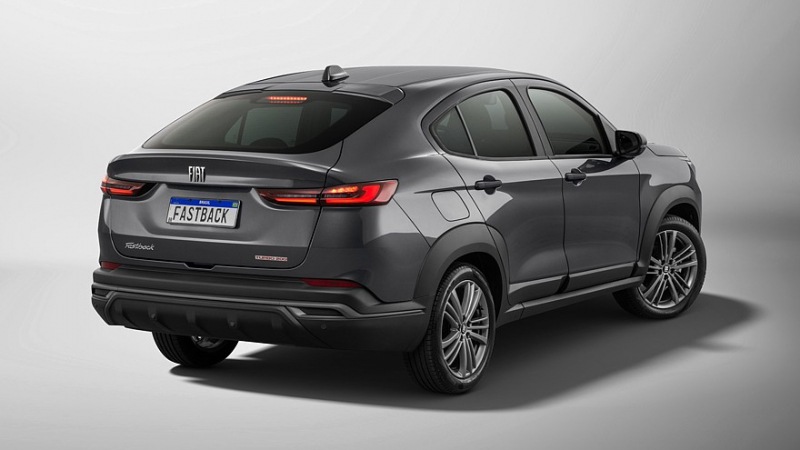 Кроссовер-купе Fiat Fastback получил дизайн Pulse и объявлены цены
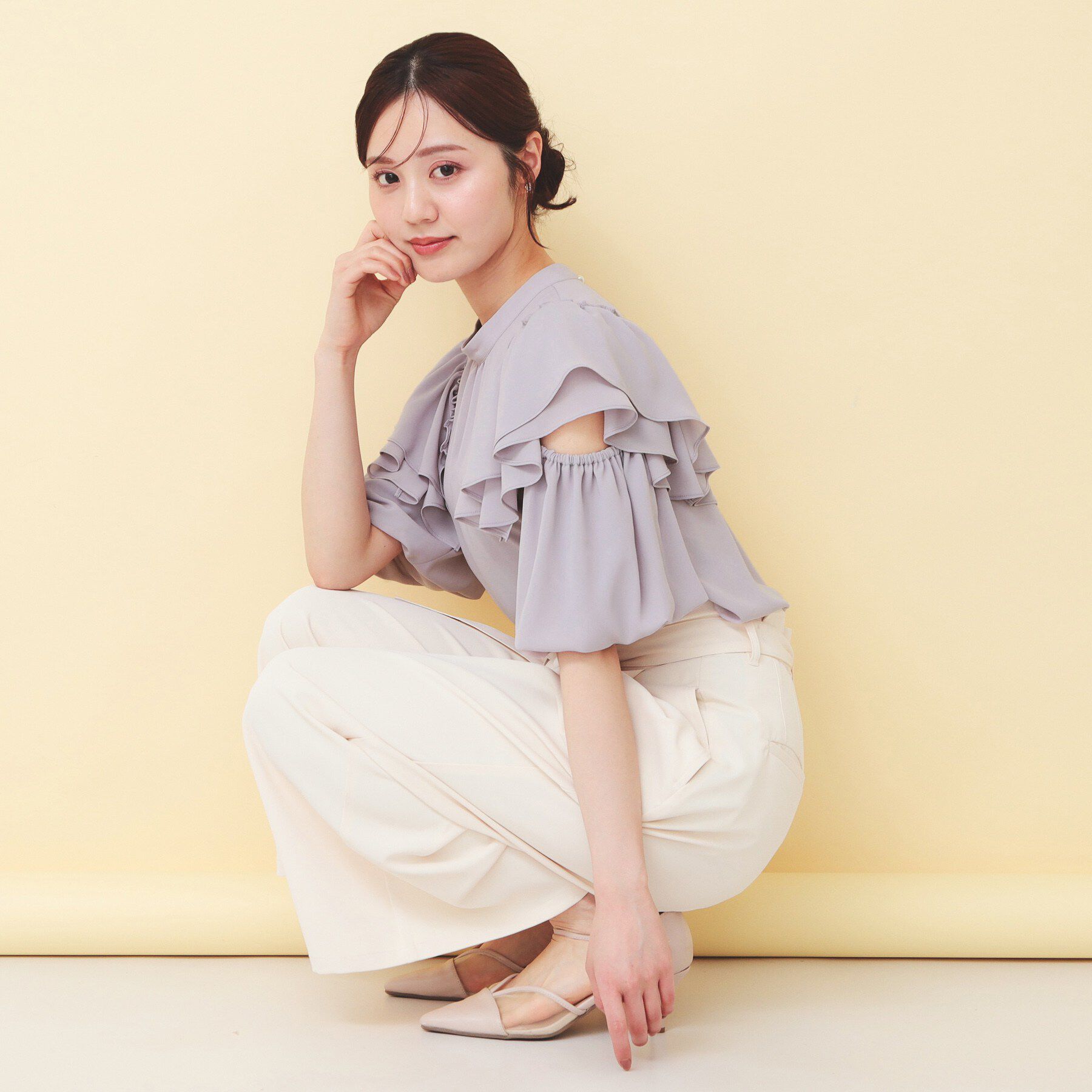 index「フリルスリットバルーンスリーブブラウス【洗濯機OK/イージーアイロン/防シワ】」|シャツ・ブラウス|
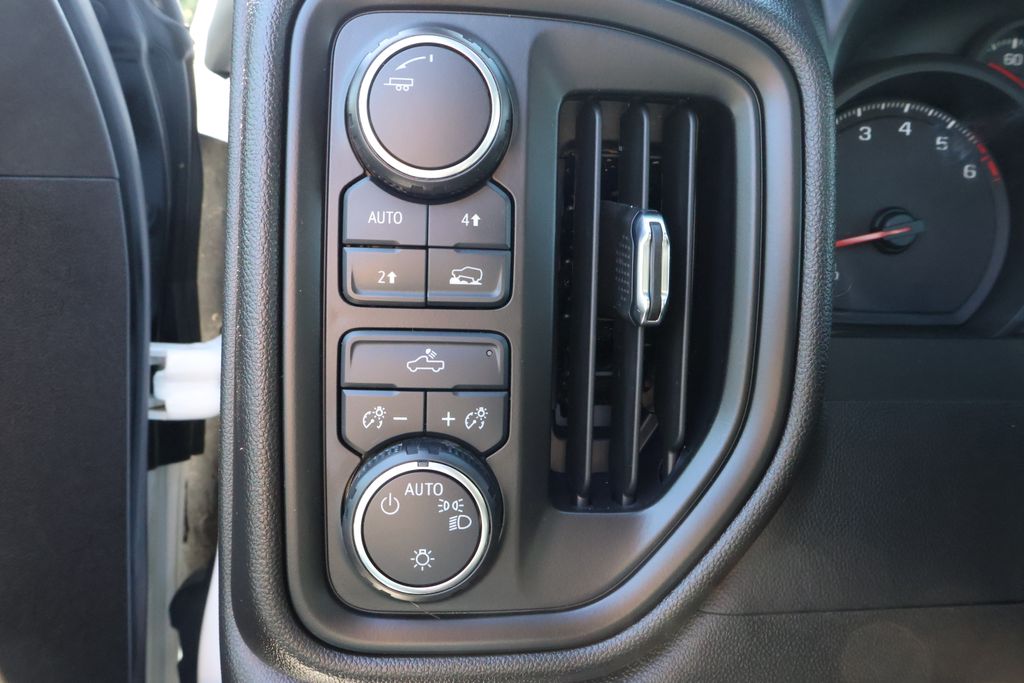 Thumbnail: 2024 Chevrolet Silverado 1500 - 17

..........

▶ _Problem description_
Set down nothing but the lines from the one containing "index「フリルスリットバ" to the final line above, both included, with every picture left out.

▶ _Output for this task_
 index「フリルスリットバルーンスリーブブラウス【洗濯機OK/イージーアイロン/防シワ】」|シャツ・ブラウス|
 Thumbnail: 2024 Chevrolet Silverado 1500 - 17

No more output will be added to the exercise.